▶ _Work instruction_: Would you retype, word for word, the line with "兰费斯塔阿卡迪拉 2019图片下载" and each line after it to the end of the entries below, leaving the pictures out?

[Records drawn from a dataset]

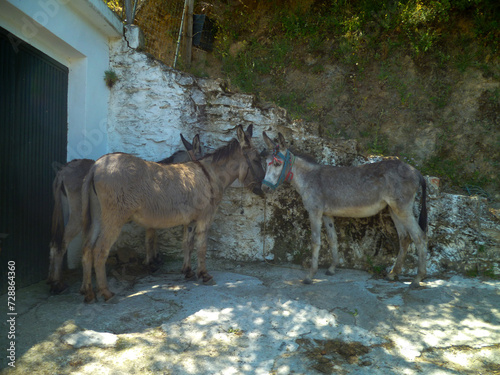 Mule park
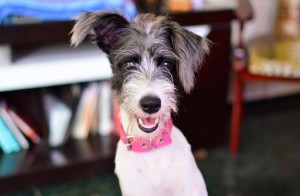 Brazilian Terrier & Poodle mix dog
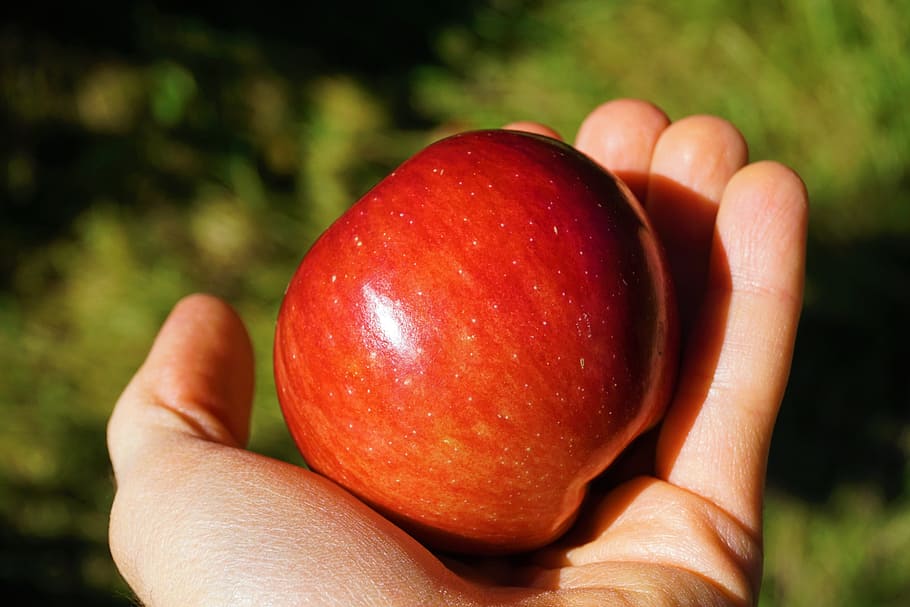 apple, hand, red, autumn, human hand, healthy eating, human body part HD wallpaper
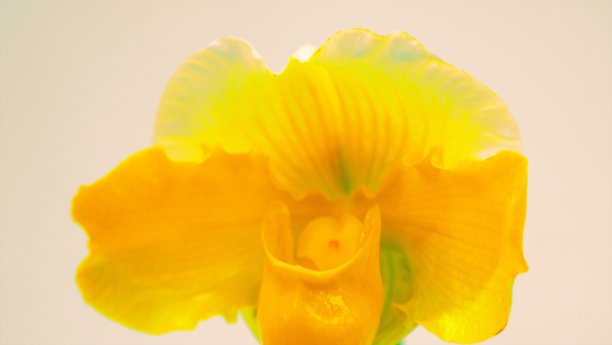 兰费斯塔阿卡迪拉 2019图片下载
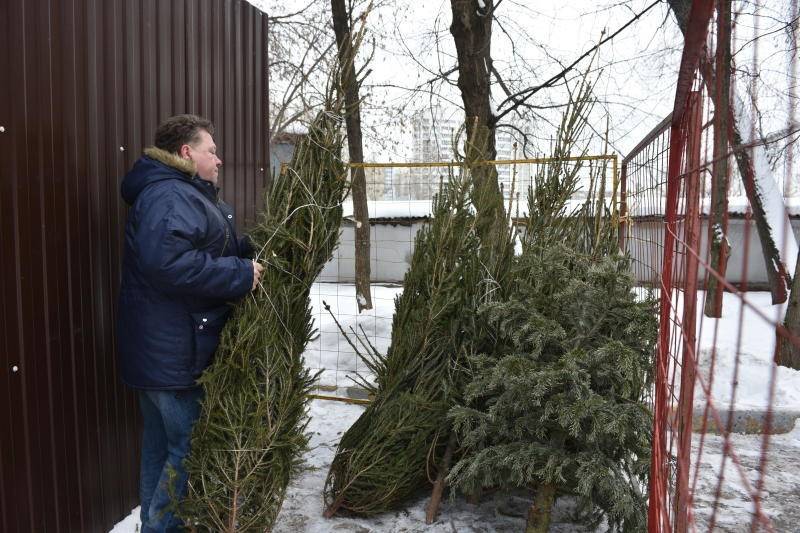 Пункты по утилизации новогодних елок открылись в Москве - vm.ru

▶ _Completed exercise_:
 兰费斯塔阿卡迪拉 2019图片下载
 Пункты по утилизации новогодних елок открылись в Москве - vm.ru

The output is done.